The Bible has never been a principal part of Russian Orthodoxy....the lack of Bible knowledge of Orthodox believers has led to the fact that many parishioners of Orthodox churches are more susceptible to the influence of superstitions, occultism, and magic than unbelievers.
I convinced myself that the doctrine of the [Russian Orthodox] church was in theory a cunning and harmful deceit, and in practice a collection of the grossest superstitions and sorcery, which completely conceals the whole meaning of the Christian teaching.
When the Russian Orthodox Patriarch Tikhon died in 1925, the church was not permitted to elect another patriarch. The attack on religion that followed resulted in most church buildings being either destroyed or converted to secular uses. Priests were condemned to slave-labor camps, where many perished. “Under the rule of Joseph Stalin in the late 1920s and ’30s,” explains the Encyclopædia Britannica, “the church suffered a bloody persecution that claimed thousands of victims. By 1939 only three or four Orthodox bishops and 100 churches could officially function.”
Practically overnight, however, a remarkable change occurred.
In 1939, Nazi Germany, then an ally of the Soviet Union, invaded Poland, thus beginning World War II. Within a year the Soviet Union had absorbed the last 4 of its 15 republics—Latvia, Lithuania, Estonia, and Moldavia. In June 1941, however, Germany launched a massive attack on the Soviet Union, which took Stalin totally by surprise. By the end of the year, German troops had reached the outskirts of Moscow, and the fall of the Soviet Union appeared imminent.
In desperation, Stalin sought to mobilize the nation for what the Russians called the Great Patriotic War. Stalin recognized that he needed to make concessions to the church to win the support of the people for the war effort, since millions of them still remained religious. What was the result of the spectacular reversal of Stalin’s policy toward religion?
With the cooperation of the church, the Russian people were mobilized for the war effort, and by 1945 a dramatic Soviet victory over the Germans was realized. After the Soviet attack on religion was suspended, the number of Orthodox churches increased to 25,000, and the number of priests reached 33,000.
In reality, though, the goal of Soviet leaders to eradicate the concept of God from the minds of their people had not changed. The Encyclopædia Britannica explains: “A new antireligious move was initiated by Prime Minister Nikita Khrushchev in 1959-64, reducing the number of open churches to less than 10,000. Patriarch Pimen was elected in 1971 following Alexis’ death, and, although the church still commanded the loyalty of millions, its future remained uncertain.”

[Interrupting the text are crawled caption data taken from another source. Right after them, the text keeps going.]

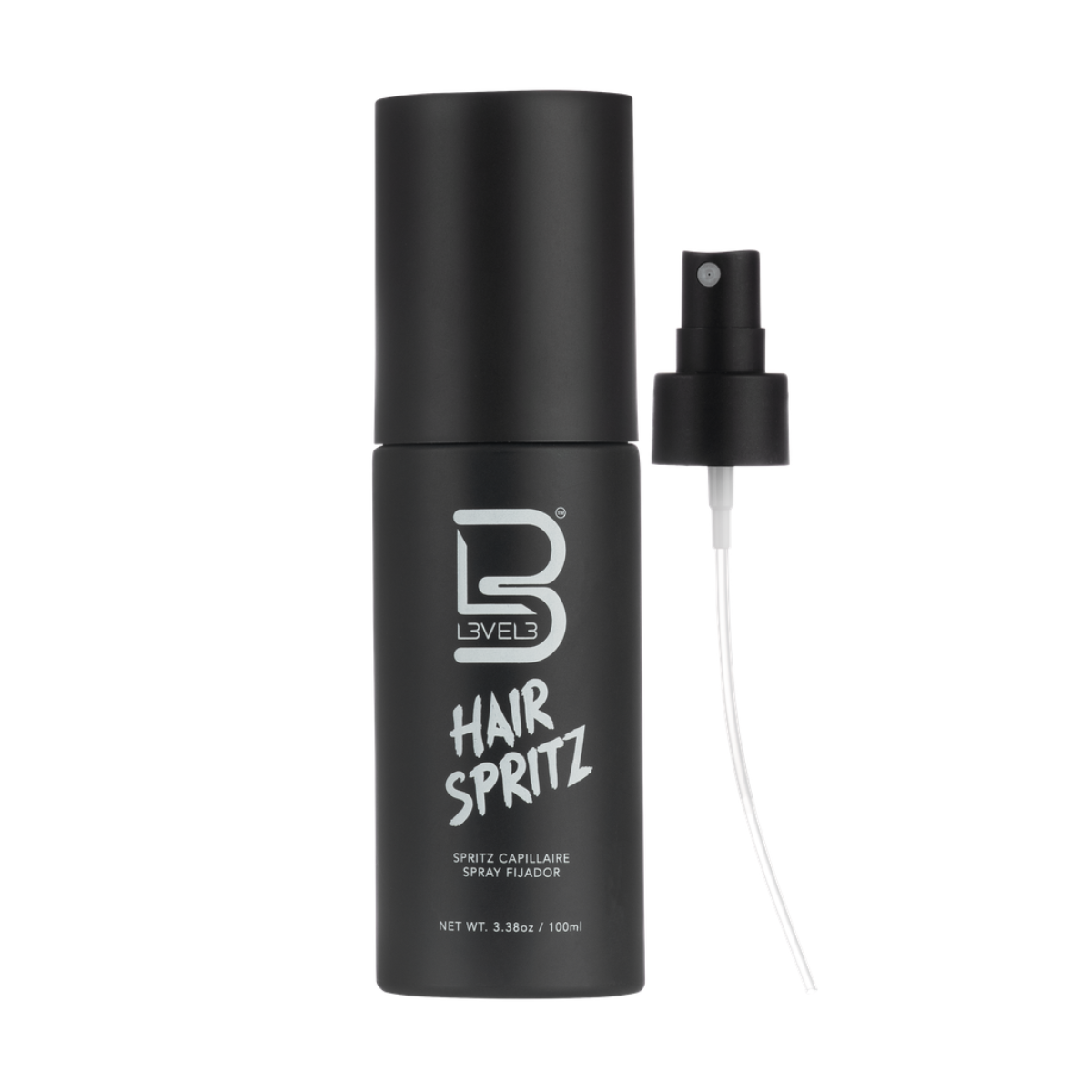 L3VEL3 Hair Fiber Fixer Spritz Spray - 100ml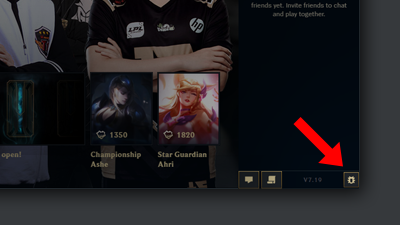 download pbe league of legends client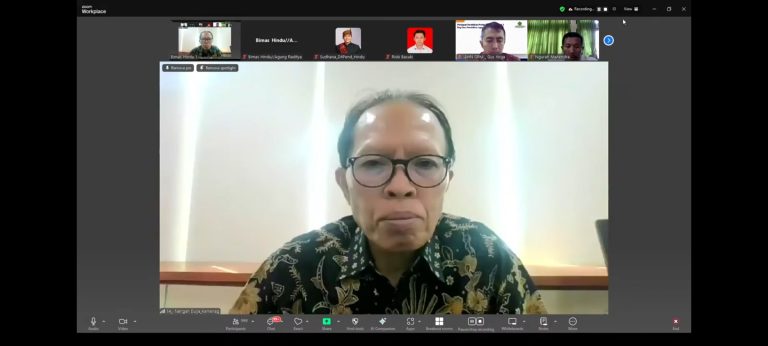 Guru Hindu yang Jadi Peserta PPG Meroket, Naik 1.104 Persen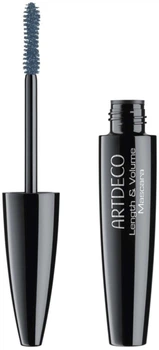 Туш для вій Artdeco Length & Volume 5P1 Powder Blue 12 мл (4052136247596)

A special focus of attack for the Soviet’s:
DESPITE concessions made to the Russian Orthodox Church in order to win World War II, the Soviet Union maintained a stranglehold on the church’s activities. Therefore, asThe Sword and the Shield, a book written in 1999 about the history of the KGB (the Soviet State Security Committee), observed, “the KGB was far more concerned by the ‘subversive’ activities of those Christians over whom it had no direct control.” Which religious groups were these?
The largest was the Greek Catholic Church of Ukraine, which is now the Ukrainian Catholic Church. It had some 4,000,000 adherents. According to The Sword and the Shield, “all but two of its ten bishops, along with many thousands of priests and believers, died for their faith in the Siberian gulag [work camps].” Other targets of the KGB were the unregistered Protestant churches, which were also outside direct State control. In the late 1950’s, the KGB estimated that these Protestant groups had a combined total of some 100,000 members.
The KGB considered Jehovah’s Witnesses to be a Protestant group, whom they estimated in 1968 to number about 20,000 in the Soviet Union. Up until the beginning of World War II in 1939, the Witnesses had been small in number. Thus, little or no note had been taken of them. But the situation changed dramatically when thousands of Witnesses suddenly appeared in the Soviet Union. How did this occur?
In his book Religion in the Soviet Union, published in 1961, Walter Kolarz noted two factors responsible for this dramatic increase. One, he noted, was that “the territories annexed by the Soviet Union in 1939-40”—Latvia, Lithuania, Estonia, and Moldavia—had within them many “active groups of Jehovah’s Witnesses.” In addition, parts of eastern Poland and Czechoslovakia, which included over a thousand Witnesses, were also annexed by the Soviet Union, becoming part of Ukraine. Thus, all these Witnesses were transplanted overnight, as it were, into the Soviet Union.
Further increase, “unbelievable as it may sound,” Kolarz wrote, came from “the German concentration camps.” The Nazis had imprisoned thousands of Witnesses for refusing to support Hitler and his war of aggression. Kolarz explained that Russian prisoners in these camps “had admired the courage and steadfastness of the ‘Witnesses’ and probably for that reason had found their theology attractive.” As a result, many young Russians from these camps returned to the Soviet Union with a newfound faith in Jehovah God and his wonderful purposes for the earth.—Psalm 37:29; Revelation 21:3, 4.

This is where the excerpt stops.